If we could imagine two communities, one of which should, with their children and their children's children, diligently devote the Lord's day to purposes of moral, religious and intellectual improvement, while the other community should waste the day in idle and frivolous dissipation, what unmeasured progress would ultimately be made by one beyond that made by the other. And to which of these two classes will that favored people belong to whom will be awarded the high privilege of introducing among jarring sects and parties the true millennial church?
And do not these considerations go far to explain the contrast that is everywhere seen to exist between Protestant and Catholic countries? Among Protestants the day is a day to be sanctified to purposes of religious worship, among Catholics it is a holiday.

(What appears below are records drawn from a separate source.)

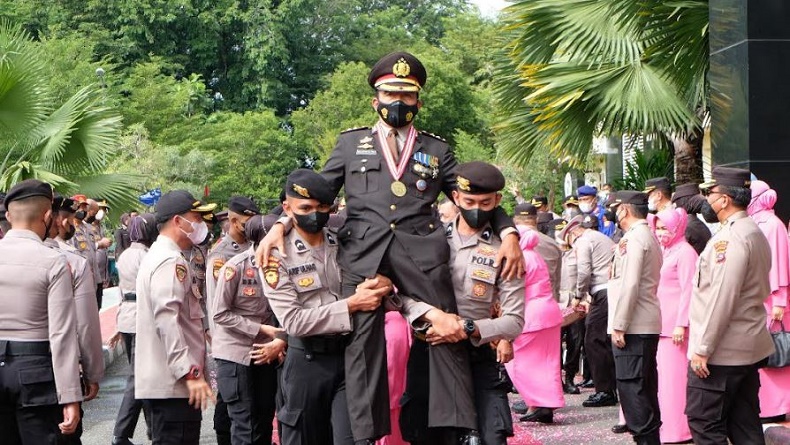 64 Personel Polda Sumbar Pensiun, Dilepas dengan Tradisi Pedang Pora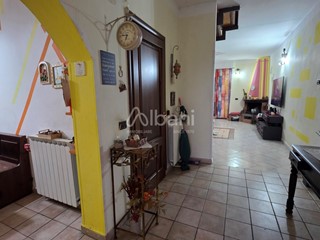 Quadrilocale in Vendita a La Spezia, 140'000€, 78 m²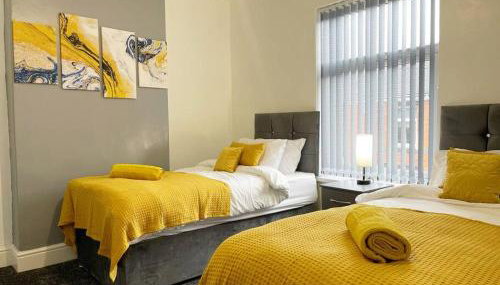 Cliff House By RMR Accommodations - NEW - Sleeps 8 - Modern - Parking - Foto 4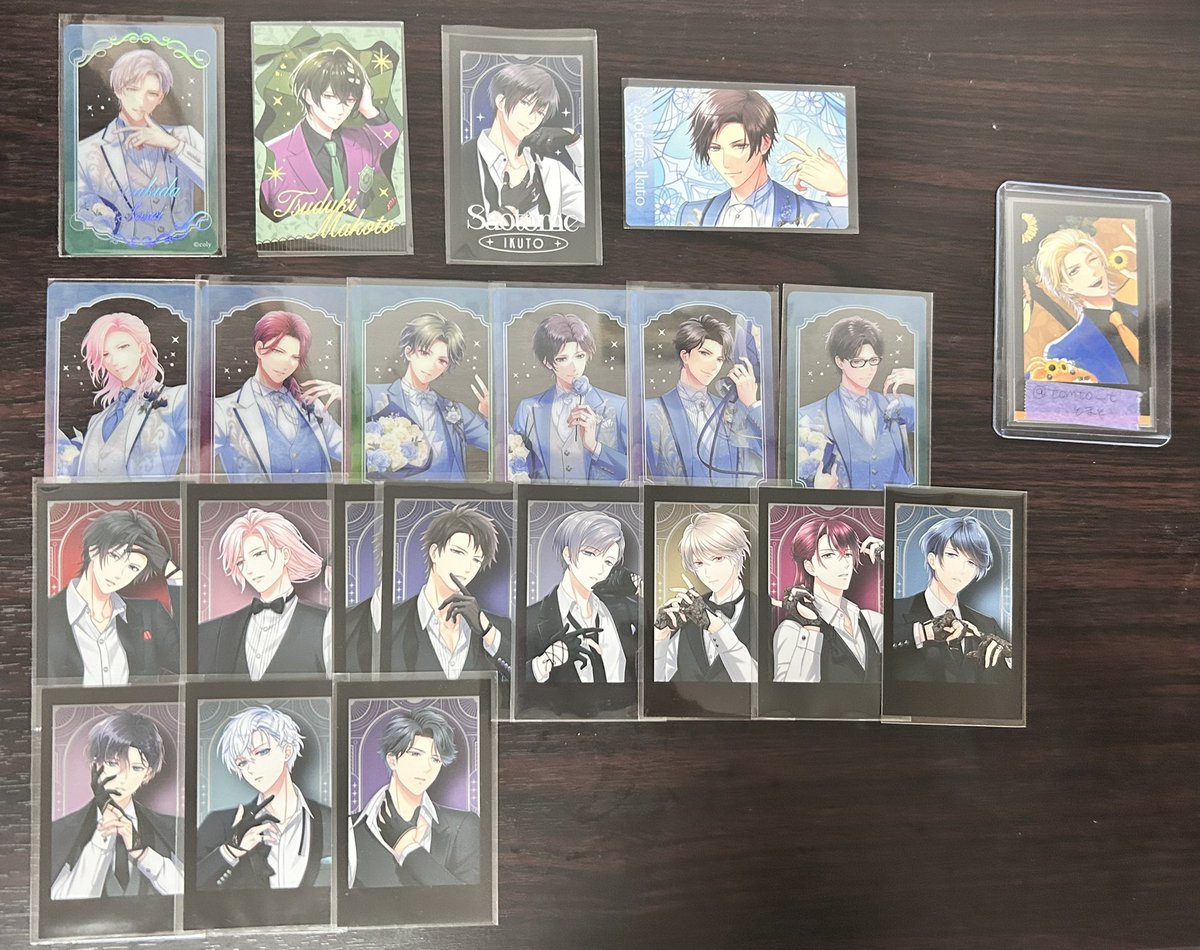 tomto__t's tweet photo. 【交換】スタマイ クリアカード クリカ 10周年 フォトカ

譲▶︎関 ○由井 ○渡部 服部 荒木田 桧山 大谷 神楽 槙 ○京介 ○誠  宮瀬 カナメ ○新堂 ○瀬尾 ○早乙女

求▶︎同異種 桐嶋
　　R荒木田のみ友人分R可愛(同種)

R↔R
○含む交換優先
郵送はまとめて
10/6渋谷、10/9ナンジャ手渡し https://t.co/l8FzXYYrxX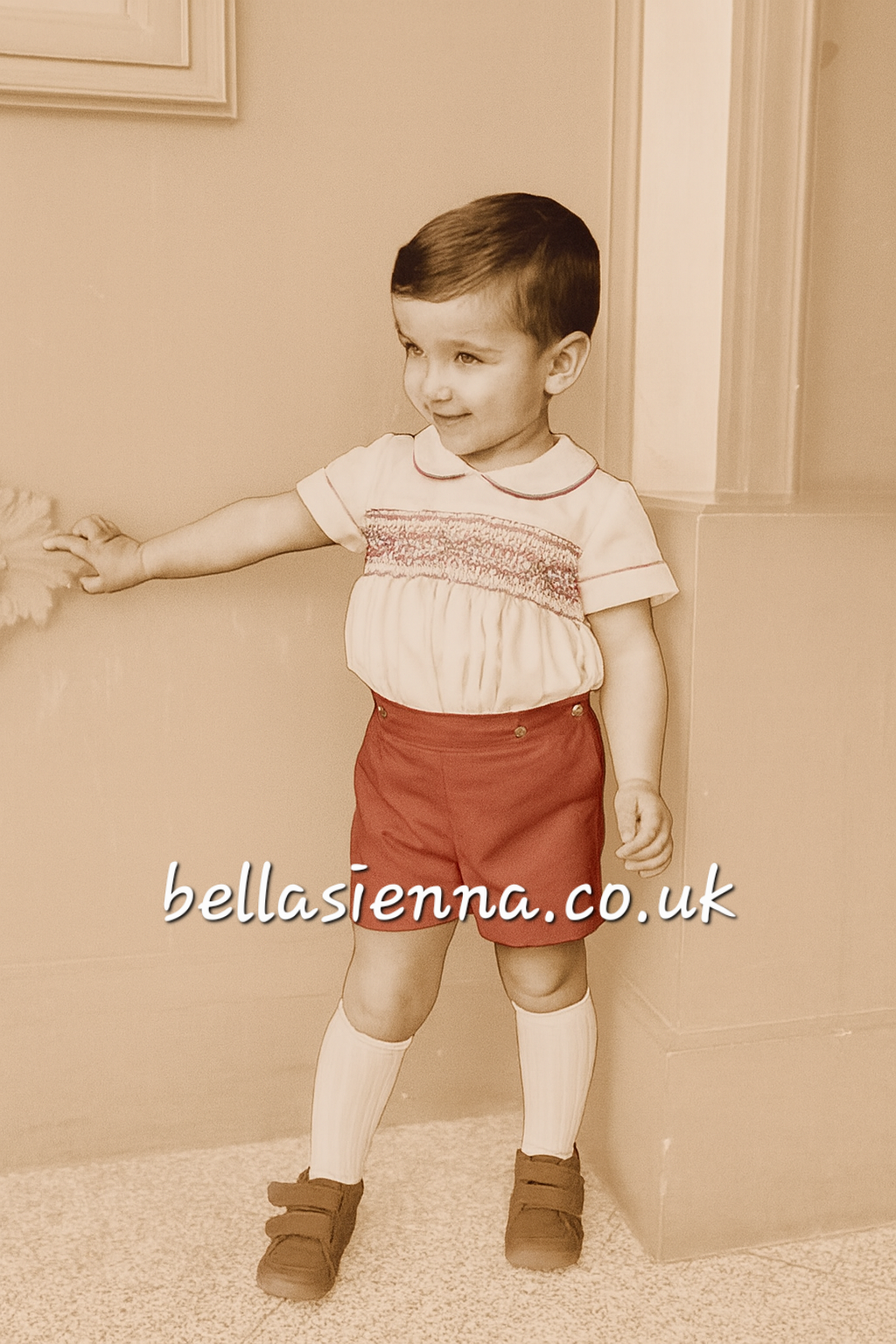 Naxos Ivory & Red Hand Smocked Boys Two Piece Outfit - 7610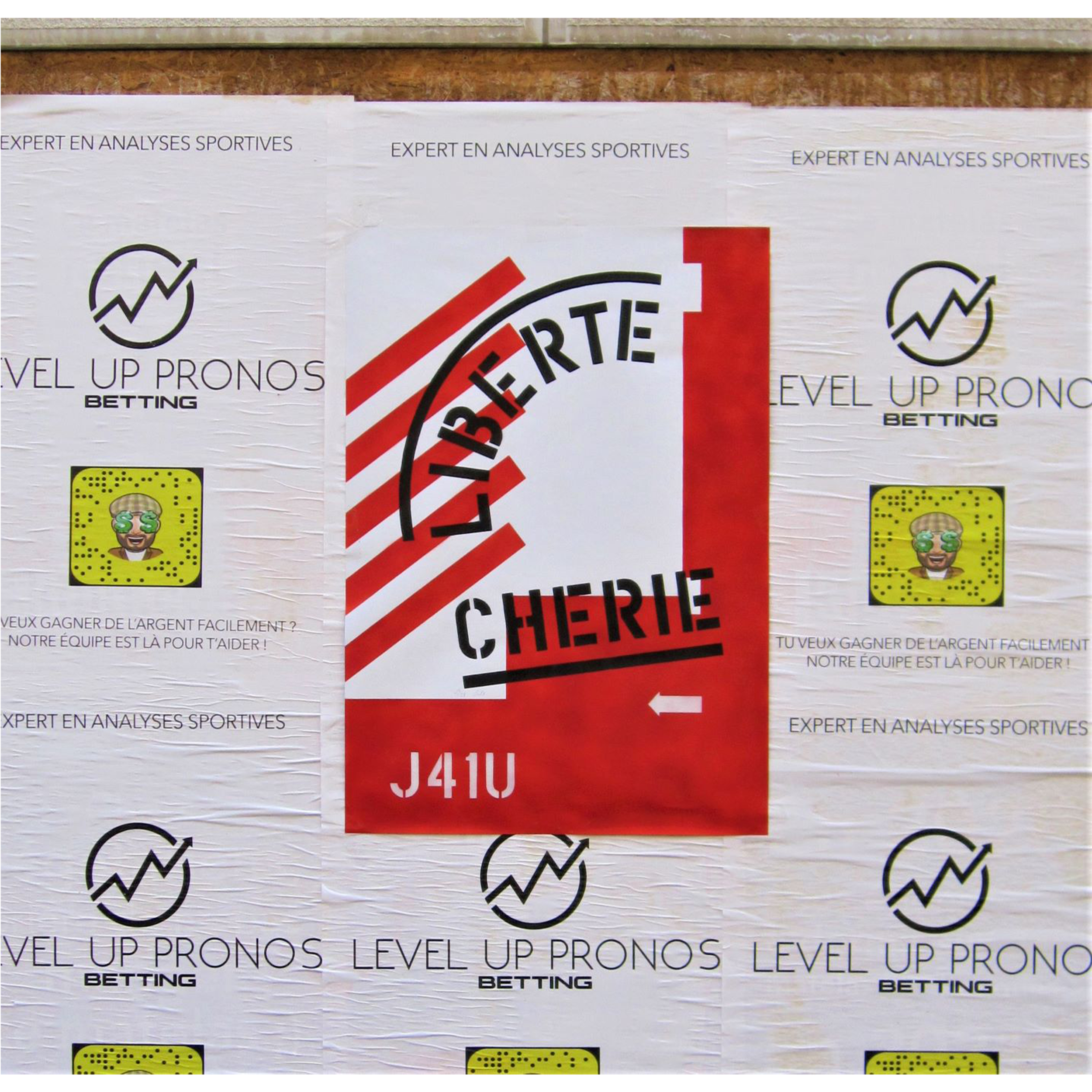 J41U fond rouge 2021 2sur38 100 x 70 cm affiche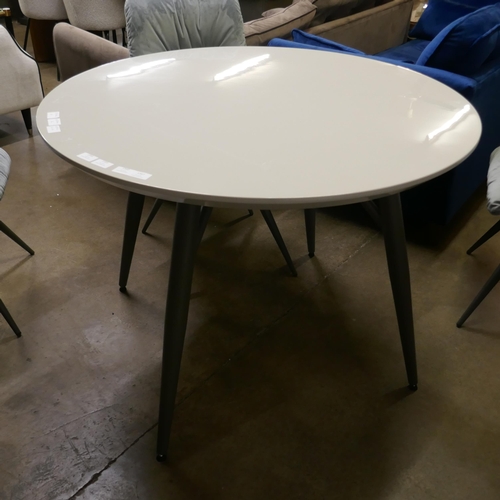 1364 - A Logan circular dining table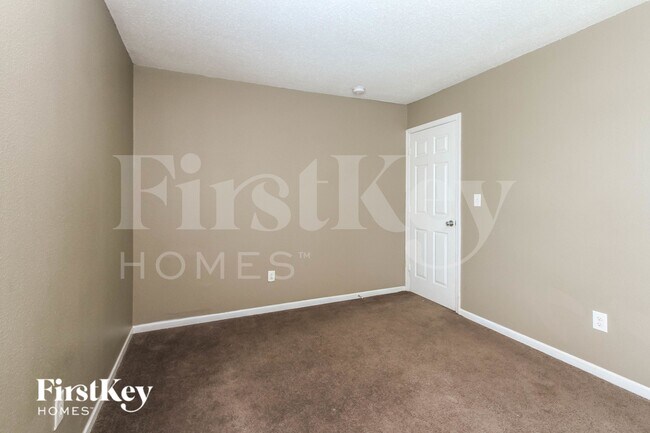 Building Photo - 353 Watercress Way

The peculiarity of our position creates an invincible necessity that we shall make the largest possible provision for the moral, intellectual and religious training and development of our people. This provision is largely found in keeping the ordinances of the Lord's house and the Lord's day. We have made a vow, and that vow is recorded in heaven, that we will meet together every first day of the week to break bread. To do otherwise—to show a good-natured imbecility of purpose—to drift helplessly along in the usages of the Old Baptists, conscious in our own hearts that this is not the ancient order of things, and having sternly demanded conformity to the apostolic order, at whatever sacrifice of peace, now to suffer our own brethren to travel on in the old ruts, rather than hazard the pain and trouble that will be the price of reform, would be a folly so inexcusable, a shame so unutterable, that the very stones might well cry out against us.